* COLLECTED MATERIAL
##############################

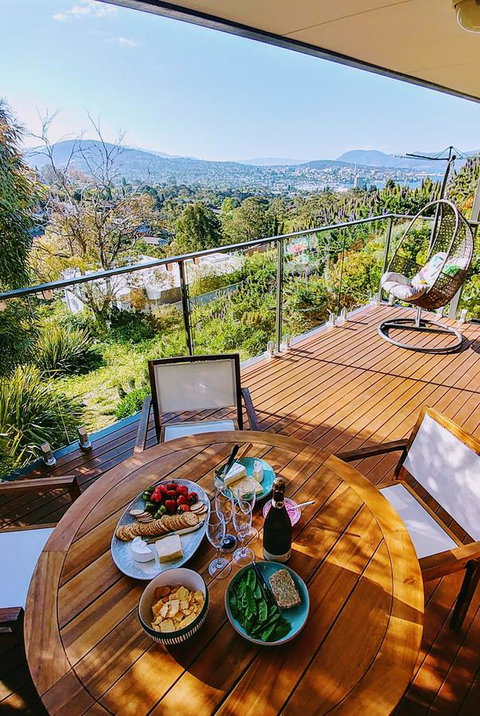 The View 2 Bed Unit With Stunning Hobart Outlook - Accommodation Coffs Harbour 21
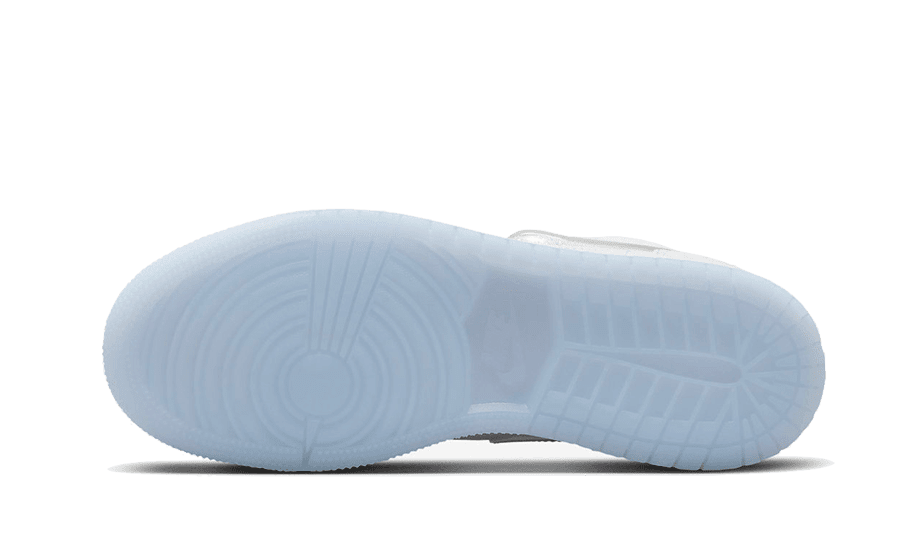 Elegante Nike Air Jordan 1 Low Glitter Swoosh sneakers op witte ondergrond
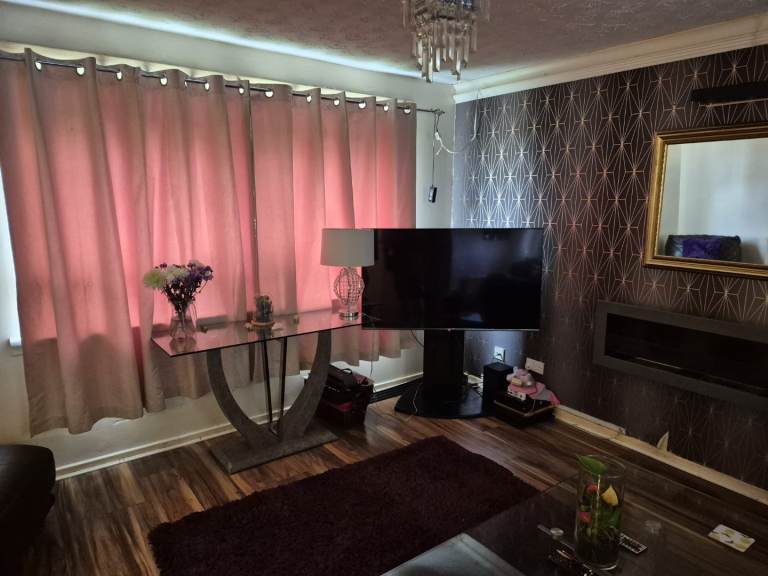 3 bed house swap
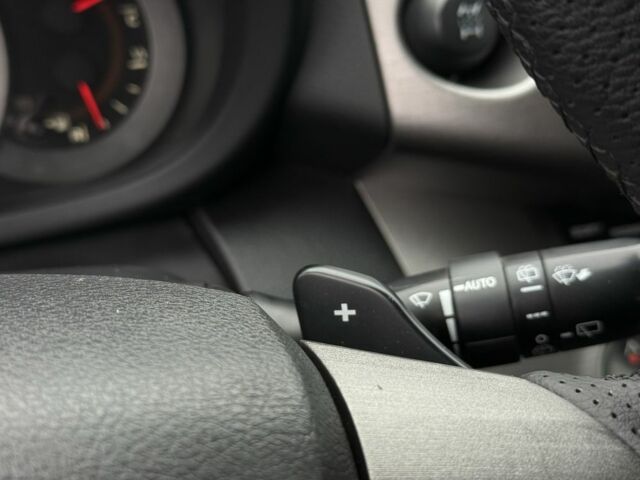 Серый Тойота РАВ 4, объемом двигателя 2.2 л и пробегом 279 тыс. км за 12600 $, фото 20 на Automoto.ua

##############################

* TASK PROMPT
Beginning with the line that holds "3 bed house swap", output each line to the end of the material above, exactly, omitting the pictures.

* RESPONSE TO THIS EXERCISE
 3 bed house swap
 Серый Тойота РАВ 4, объемом двигателя 2.2 л и пробегом 279 тыс. км за 12600 $, фото 20 на Automoto.ua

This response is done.